Recent physiopathological insights in cutaneous lymphocytic infiltrates

ARTICLE

The spectrum of cutaneous lymphocytic infiltrates (CLI) includes a wide variety of clinicopathological entities either of benign or malignant nature, sharing in common the infiltration of dermis and/or of epidermis as the main histopathological feature [1, 2]. In some cases, these clinicopathological entities have been causally related to identified stimuli such as drug intake [3, 4], vaccination [3] or infection with the human immunodeficiency virus (HIV) [5], while etiological factors remain unknown in other entities such as in Jessner's infiltrate [6]. Although the delineation of the clinical and evolutive patterns at one hand, and of histopathological and immunohistochemical features on the other hand, lead to a subclassification of different types of CLI [7-9], the clonality status of CLI and the physiopathological mechanisms underlying these disorders have only been extensively investigated in recent years [10]. Indeed, the emerging development of new techniques has allowed the analysis of clonality in both T cell and B cell infiltrates, thus providing new clues in the field of the natural history of these disorders [11, 12], whereas functional studies recently helped to elucidate the pathogenesis of benign conditions mimicking lymphoid malignancies such as HIV-related CD8 cutaneous pseudolymphomas [13]. Finally, important results concerning the skin-homing and the survival of lymphoid cells infiltrating CLI have been recently obtained, leading to a reappraisal of the physiopathological mechanisms underlying these clinical conditions. This review will focus on the recent insights provided by molecular and functional studies investigating the mechanisms involved in the recruitment and in the expansion of B and/or T lymphocytes in benign CLI, although some results obtained from patients affected with malignant cutaneous lymphocytic infiltrates are also discussed. Since patients affected with particular types of CLI are more prone to further development of cutaneous lymphoid malignancy [14], the studies analyzing the clonality status in both conditions are also discussed.

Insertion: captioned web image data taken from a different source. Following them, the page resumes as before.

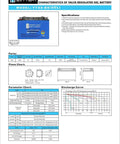 Specifications sheet for 12V Gel Battery YTX9-BS For Honda EU3000 Generator 2000-2011, 8Ah, 135 CCA, maintenance-free design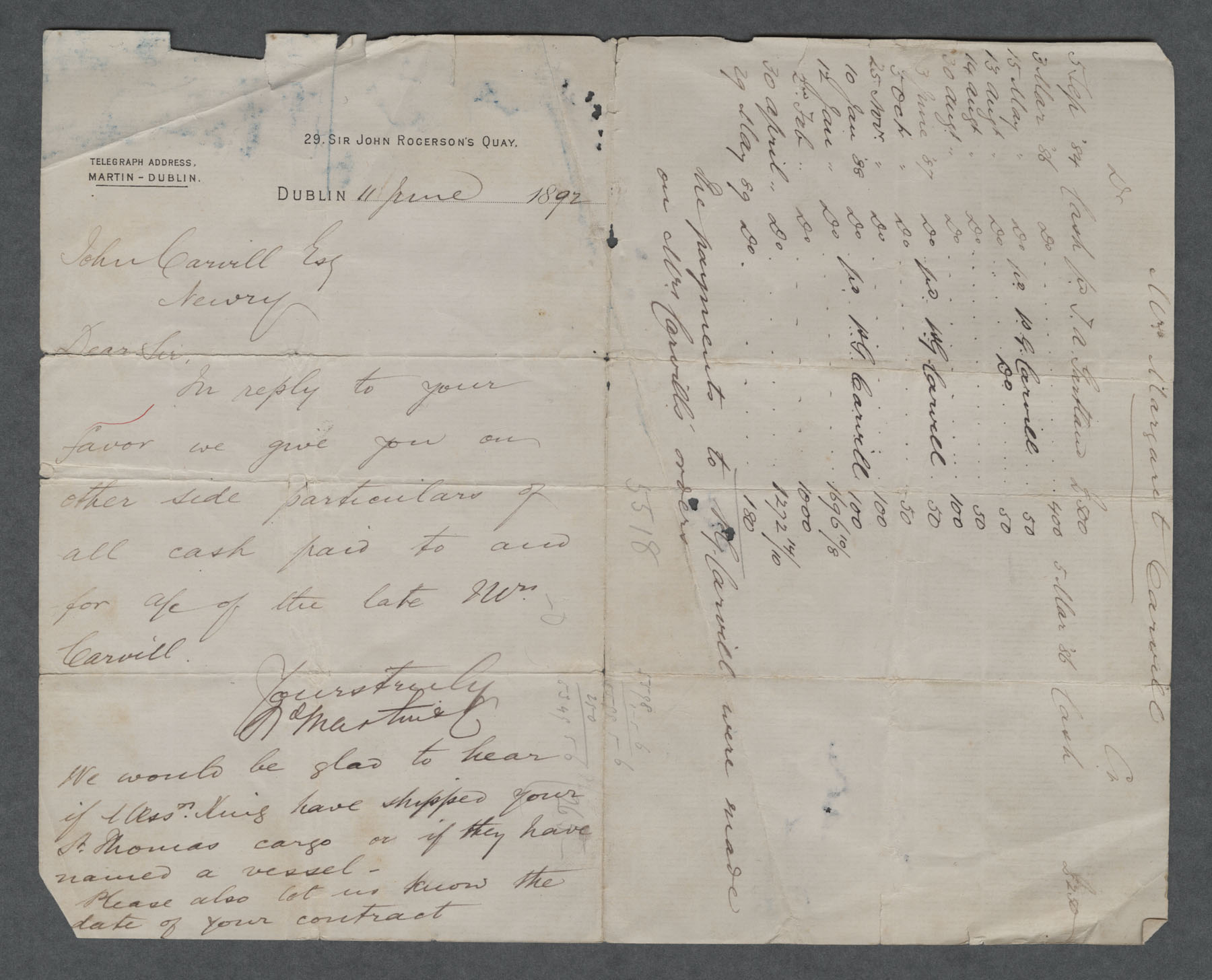 Accounting of cash paid to and for account of the late Mrs. Carvill, 11 June 1892.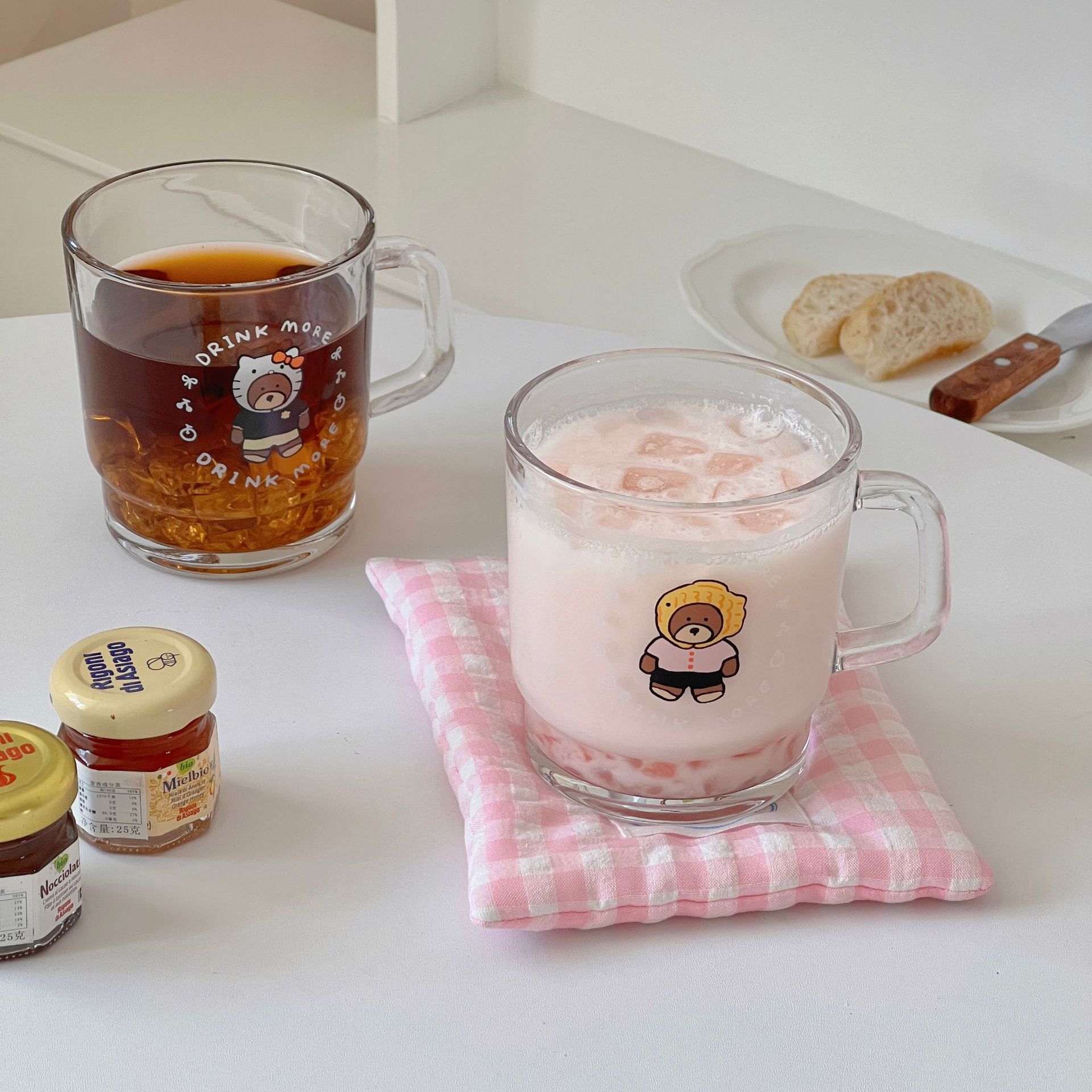 Cross-border Korean InS-style glass cold brew coffee cup, creative water cup, glass cup, breakfast cup full figure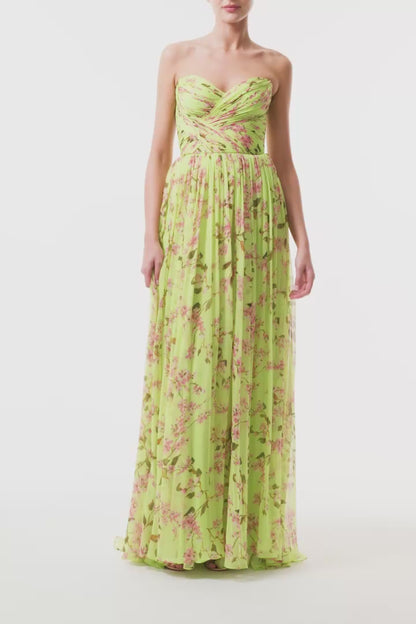 Monique Lhuillier Fall 2025 Celedon/Multi Wisteria Printed chiffon draped a-line gown - video.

Classification of benign cutaneous lymphocytic infiltrates

The classification of CLI has been established on the basis of the clinical features and of the histopathological findings ­ mostly the structure of the lymphocytic infiltrate, and membership of the predominant infiltrating cellular subset either to the T or to the B lineage. The main clinicopathological entities which have been delineated are listed in Table I, and have been subdivided into two major groups : predominant T CLI on the one hand, and B CLI on the other hand [7-9, 15]. However, particular types of CLI such as lymphocytoma cutis, which is characterized by the presence of germinal centers, are associated with a mixed B/T lymphocytic infiltrate [16]. Immunophenotypic studies of the cutaneous infiltrate have provided help in this classification, showing evidence that most predominant T CLI are of the CD4 phenotype [1], while CD8 lymphocytes are predominant in actinic reticuloid, a chronic dermatitis associated with photosensitivity [17, 18], and in HIV-related cutaneous pseudolymphoma, a recently described entity related to the infiltration of both dermis and epidermis by CD8 HIV-specific cytotoxic T lymphocytes [5, 13, 19, 20]. These latter entities indicate that although most CLI are idiopathic, etiological factors have been unambiguously identified in some cases. Thus, drug-related cutaneous reactions may be either of the T lineage [4], or more rarely exhibiting a predominantly B phenotype [21, 22], and cases of CLI due to contact hypersensitivity have also been reported [23]. Infection with Borrelia is sometimes associated with cutaneous B cell infiltrates with germinal centers emerging during the chronic phase of the disease [24].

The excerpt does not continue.